__Aim of the task__
Return, with both end lines included, exactly what the data below holds from the line with "MYL6B Antibody" through the line with "PL3D Percutaneous Laser", though not the pictures.

__Records for processing__

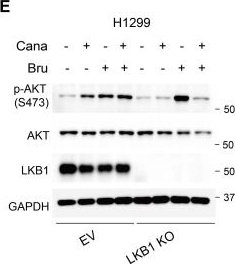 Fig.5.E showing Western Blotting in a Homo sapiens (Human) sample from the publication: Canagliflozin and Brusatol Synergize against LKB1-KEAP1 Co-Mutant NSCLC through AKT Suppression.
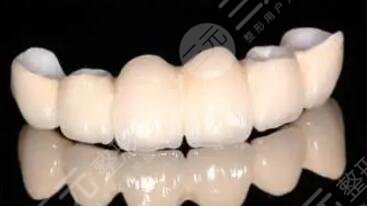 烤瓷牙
...
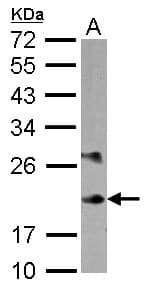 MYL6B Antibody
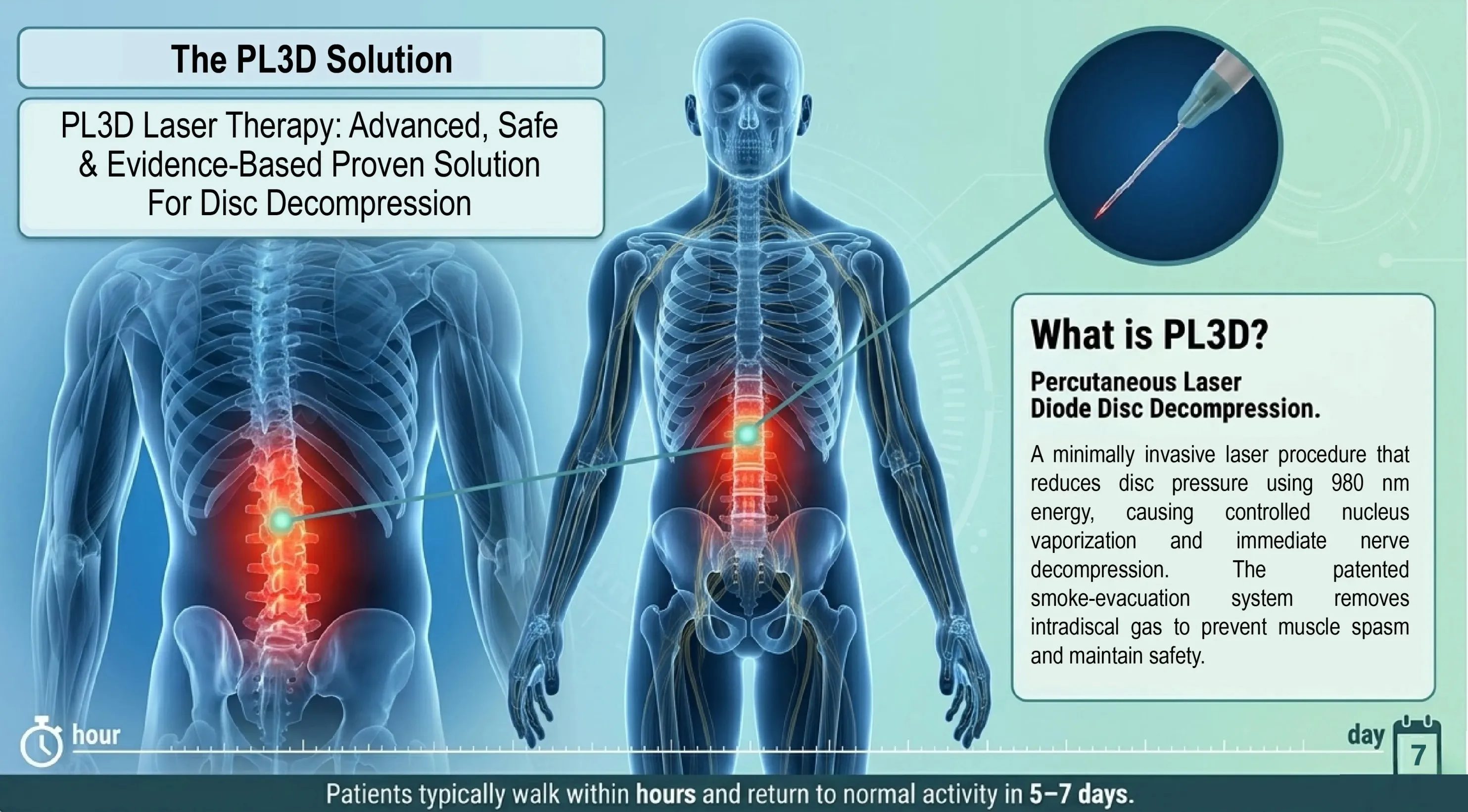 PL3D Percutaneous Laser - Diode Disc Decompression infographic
* * *
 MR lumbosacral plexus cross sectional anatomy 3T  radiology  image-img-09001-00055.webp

__Answer section__
 MYL6B Antibody
 PL3D Percutaneous Laser - Diode Disc Decompression infographic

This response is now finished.